Progress on Sörmlandsleden is still blocked by a long stage that requires a whole weekend, and I wanted to be at home most of this weekend to see Adrian between his travels, so I walked the “adventure trail” at Lida. 9km.

Stigen är på vissa ställen tekniskt utmanande med kuperade passager, glest markerad och inte röjd.

The trail is technically challenging in places with hilly sections, sparsely marked and not cleared.

Sounded like fun! (Except… how hard would it be to actually paint some more blue markers on a few trees here and there? Especially since the Lida activity centre suggests you buy a map of the trail from them for 30 kr.)

Parts of the trail were indeed just as the website described.


But there were also many stretches of pretty boring gravel road, and the last section was a particularly dull one. Yes, we’re technically in nature, but it didn’t feel like it.


The trail is a circular one and goes around a small lake, and I had hoped for nice views of the lake, but those were few and far between. Overall this trail did not impress me much and won’t be on any kind of list of favourites.

It started raining towards the end of my walk. It had been rather hot before, so I didn’t mind, and found the cooling effect quite pleasant.

It rained a bit more and then a bit less, and then, during my drive home, it rained more and more and then even more. At times I was driving at half the speed limit. And then I’d drive through a dip in the road and it was like running into mud. And then some idiot in a giant SUV would overtake me in the left lane and spray me with so much water that it was like being in a car wash. I could literally see nothing but a sheet of water. I wished I could stop at that point but there were cars behind me so I just carefully continued straight at an even pace for the 5 seconds it took for the water to flow down and some visibility to be restored. The 40-minute drive home was more exhausting than the three-hour walk.

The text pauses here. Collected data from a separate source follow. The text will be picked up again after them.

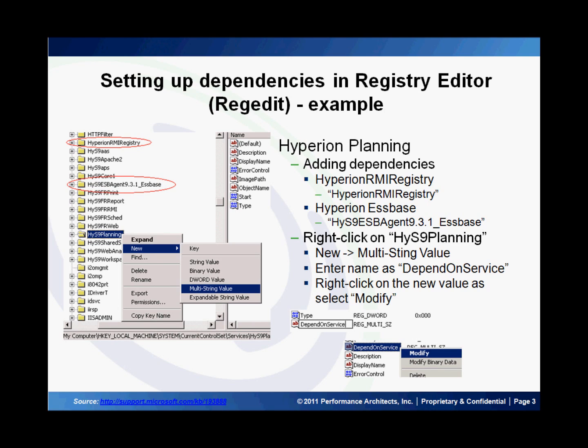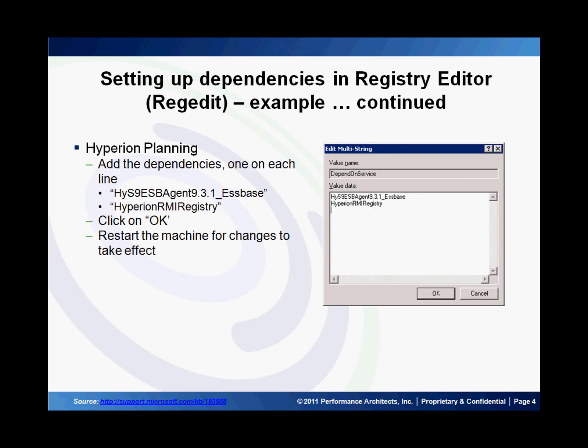So I right-click on the HYS9 Planning node, I select New Multi-String Value and name it Depend on Service. I right-click on Depend on Service and select Modify, and in the dialog box that appears, I enter the name of each of the services — in this case, S-Biz and RMI Registry. I put them each on their own line and click OK and restart my machine.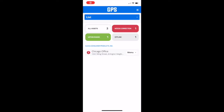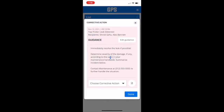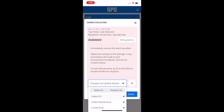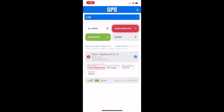A corrective action must then be performed to resolve the alert. To do so, browse through the associated device on the GPS dashboard and click the Corrective Action button. Follow the instructions provided under Guidance and then choose an action and click Done.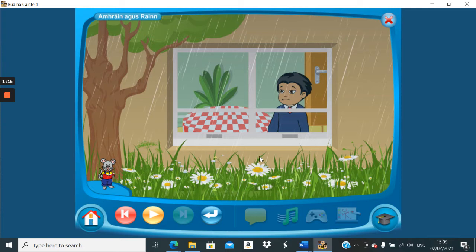Ag titim. Ag titim means falling. See the word ag before something. That changes in front of a verb, a doing word. That changes it into an ing word, like running or skipping. So, ag titim is falling.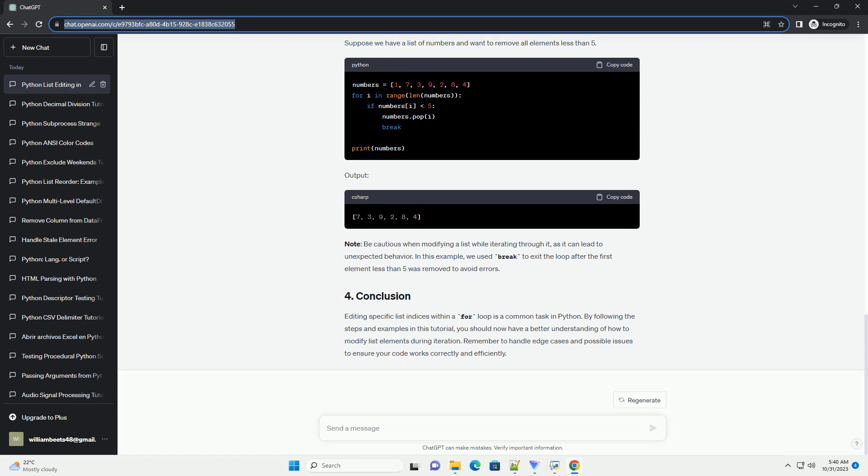In this example, we used break to exit the loop after the first element less than 5 was removed to avoid errors.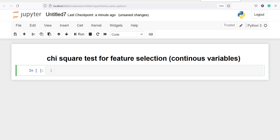In this video you will learn how to find the predictive power of an independent variable with respect to a target variable using the chi-square test in Python. When you have both your independent and dependent variable as categories, you can use the chi-square test to find significant features for your model.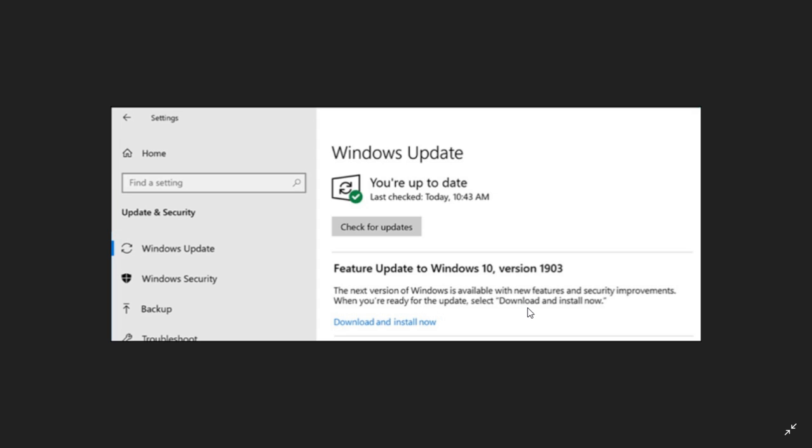Right now it's going to show you version 1903, but as we move on, if you don't install this, this fall it's going to tell you there's a new feature update version 1909, and next year it's going to say there's a new version 2003, and so on.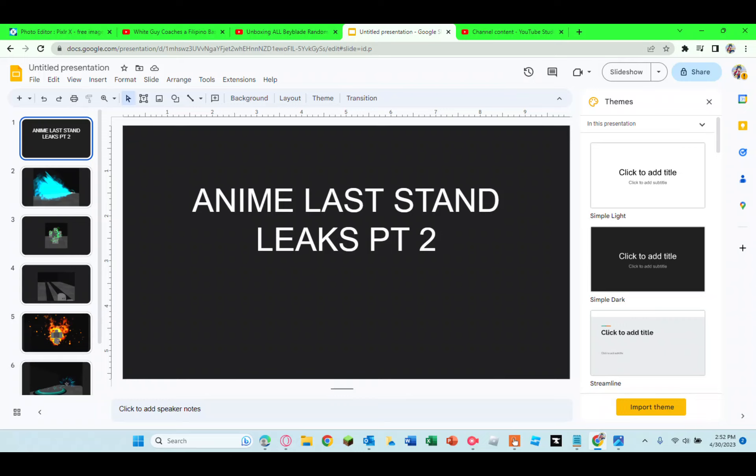What's up boys, today we're going over Anime Last Stand leaks part 2. Just a quick disclaimer, all of these are just attack effects leaks, so we can't confirm that any of these units are actually coming. This is just speculation and there's no evidence to support this.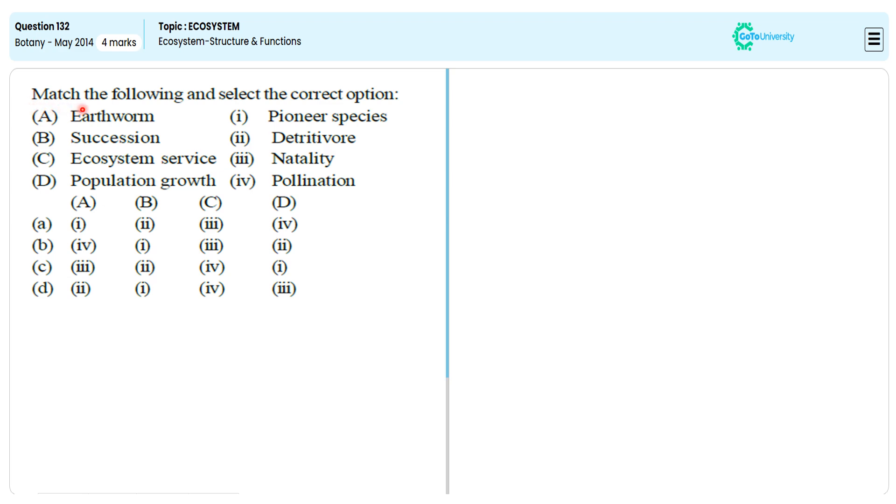In this multiple choice question, they are asking us to specify the correct match between the organism and function. Let us specify the correct match so that we can avoid the wrong option and conclude at the correct option.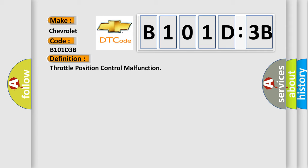The throttle position TP actuator is switched current-less by the engine control module ECM and the throttle valve moves into the specified mechanical position, emergency running gap.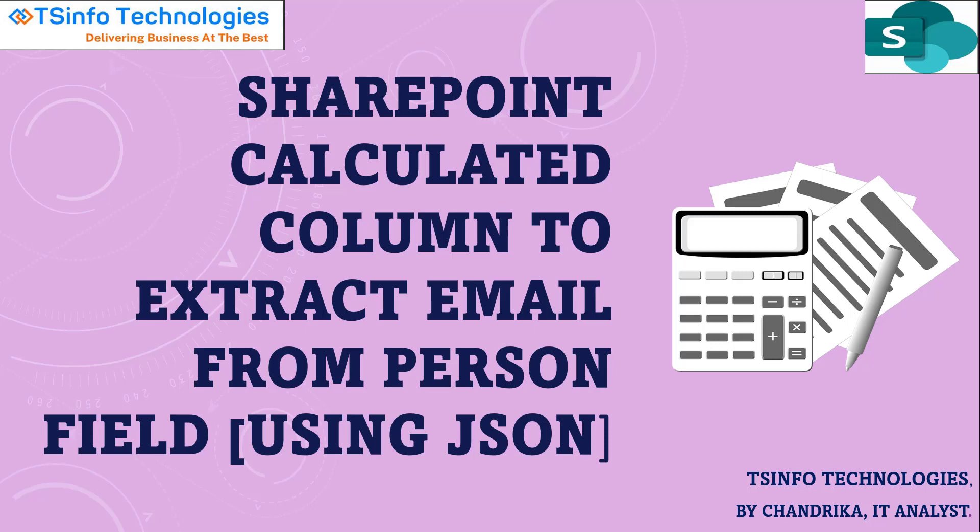Hello everyone, welcome to TS Info YouTube channel. This is Chandrika from TS Info Technology. I'm doing this video because I've seen people searching for this topic: SharePoint calculated column to extract email from the person field.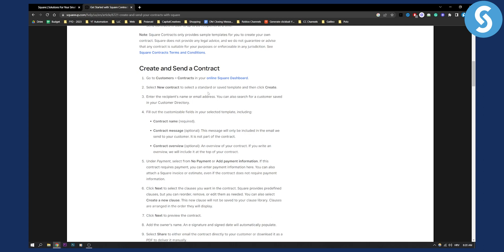Then all you have to do is enter the recipient name or email address. You can also search for customers saved in your customer directory. Then fill out the customizable fields: contract name, contract message, and contract overview — the last two are optional.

Back from a week at scout camp. Tired and hoarse and happy.

Ingrid drove us to the pickup point and then back again, and helped carry the packs.

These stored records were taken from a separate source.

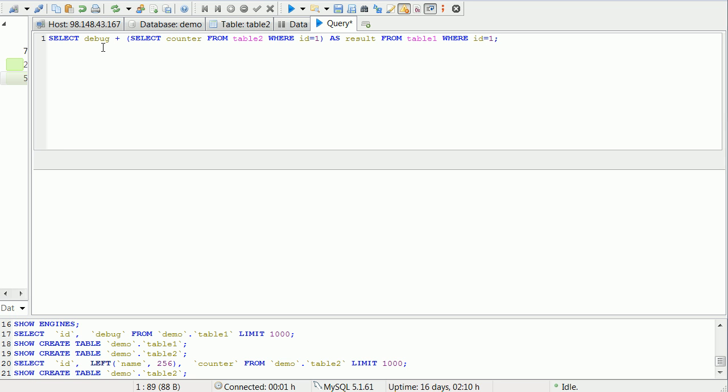Essentially what we're doing is we're selecting debug from table 1 where ID is 1, and then we're doing a subquery, select counter from table 2 where ID is 1. We're taking those two and putting them in a field called result.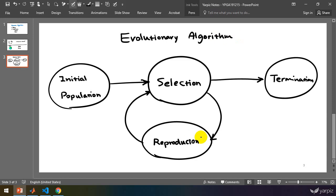As mentioned earlier, genetic algorithm — known as GA — is a special case of evolutionary algorithm. It contains all of these elements but with more specific definitions. Next, we are going to review the general structure of genetic algorithm.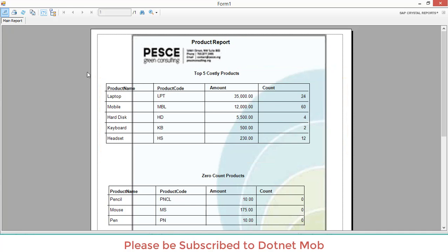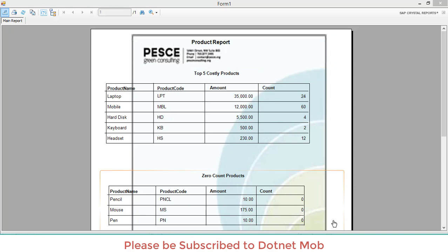So this is how we can add a runtime watermark into Crystal Report. You can download this project with the DB script from the link given below in the video description. If you have any doubt or feedback, please comment in the comment box below. Please subscribe to my channel DotNet Mob for more videos like this, and please like and share this video with your friends and colleagues so they can benefit. Have a nice day, bye!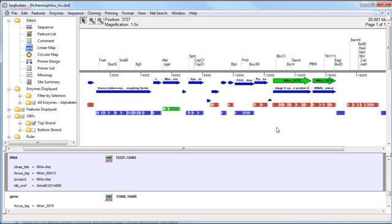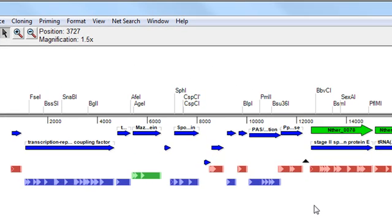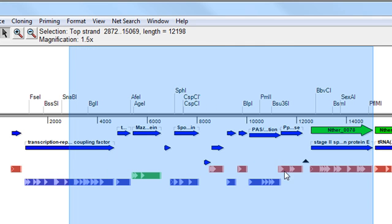So to create a custom TOPO vector for your project, just open the sequence you want to use. Highlight the portion of the sequence you want to use as a vector. And here's where the shortcut comes in.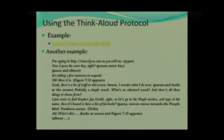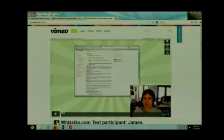Let's take a look at an example. There's a lot of background noise in this example, but what I like about it is it really shows you the Think Aloud Protocol and some clarifying questions in action.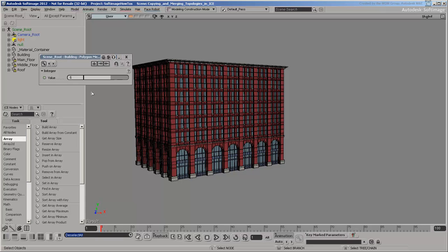Welcome! In this series of videos, you'll learn how to use ICE to copy and merge topologies. You'll also learn how to apply materials using ICE. The goal is to generate a building from predefined parts.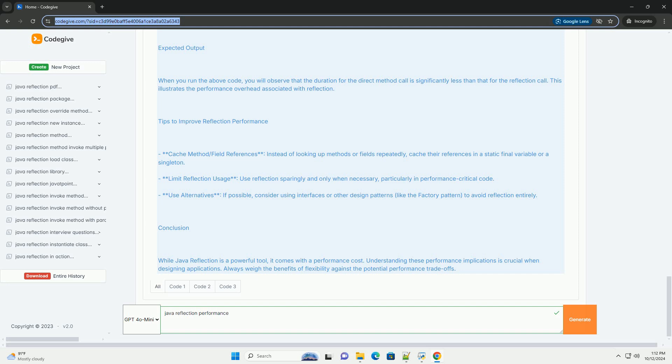Understanding these performance implications is crucial when designing applications. Always weigh the benefits of flexibility against the potential performance trade-offs.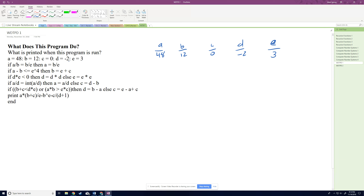I'll track changes in-line as we go. The first line checks: if a divided by b equals b divided by e — so 48 divided by 12 is 4, and 12 divided by 3 is 4 — that is true, 4 equals 4. So then we set a equal to b divided by e, which is 12 divided by 3, which is 4. After that first step, a is now 4.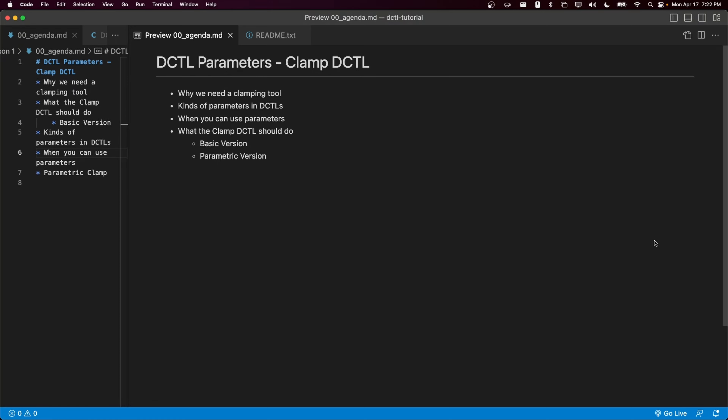Hey everyone, this is Thatcher. We're back at it again with another DCTL tutorial. This is going to be the second episode in my series — the first one in which we're going to be working on an interesting DCTL exercise and trying to learn new concepts. In this video, we're going to be going over a DCTL that does the clamp operation.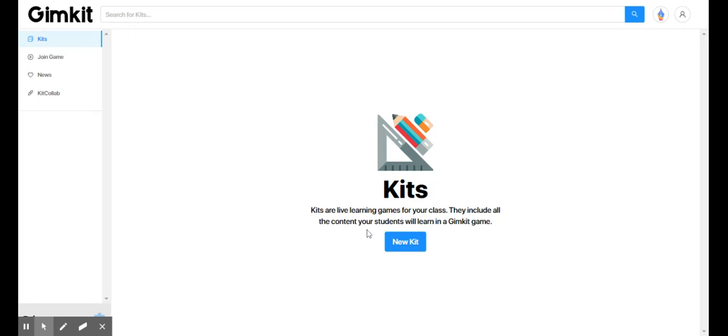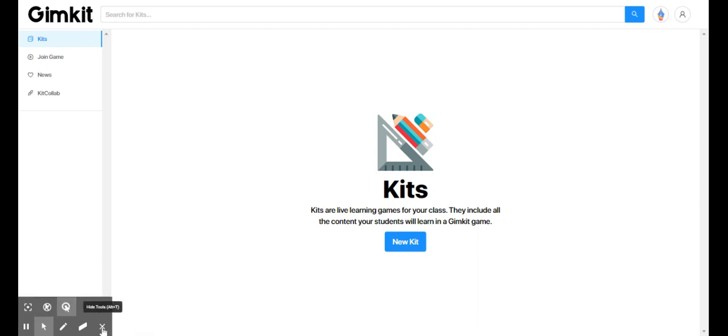And then, boom, you are in. It's that simple. You have now created your student account. That simple, guys. All right. Bye-bye.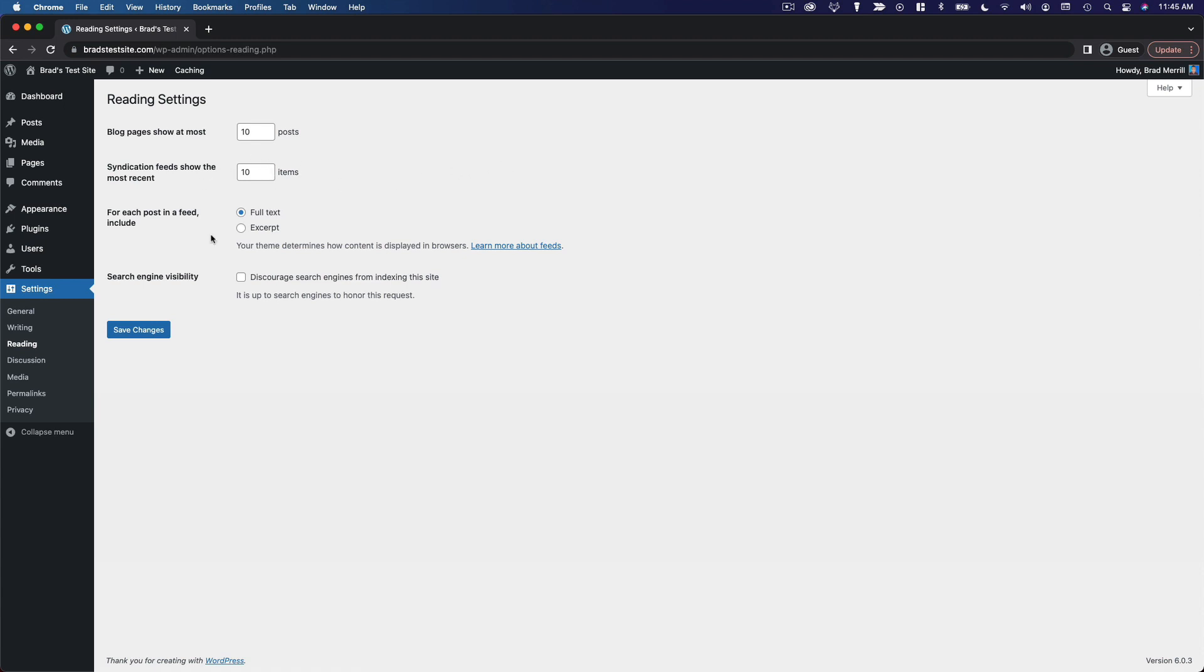Also for the RSS feed, you can choose to show the full text of your articles or a short excerpt if you want people to have to click back to your site to view your content.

Knackered. He only has a day and a half for recovery, and on Monday morning he’s off to Göteborg to spend time at a friend’s summer cottage.

The latest issue of Utemagasinet (“Outdoors magazine”) had a section where various contributors described their outdoor memories, based on a series of prompts. It made me think, and then I decided to do the same.

And I realize again just how bad my long-term memory is at storing experiences. Eric and I went to all sorts of places before we had children – Wales, Lake District, Scotland – but since I haven’t looked at photos of those trips in many years, I only have rather hazy mental images of them. I am very grateful for this blog.

Anyway, here goes.

Day trip: The last day of our trip to Mercantour. This was our first outdoorsy trip with the kids, and on the last day we went up to a mountain pass where we got our first taste of high alpine landscape. Dramatic views, everybody super impressed, until the afternoon thunderstorm with heavy hail. We all still have strong memories of that day.

Week trip: Padjelanta on skis. My own hikes are usually long weekends so they don’t quite qualify. All my ski tours have been lovely but this one was wilder and more fun than most. In the middle of the Padjelanta national park, we were sometimes the only group in a hut.

Of the weekend trips, I still have very fond memories of the Kinnekulle hike. Most of my hikes have been to mountainous areas, or in various pine forests, but this was a beautiful lowland hike in a completely different landscape. I’ve been thinking of going back there during a different season.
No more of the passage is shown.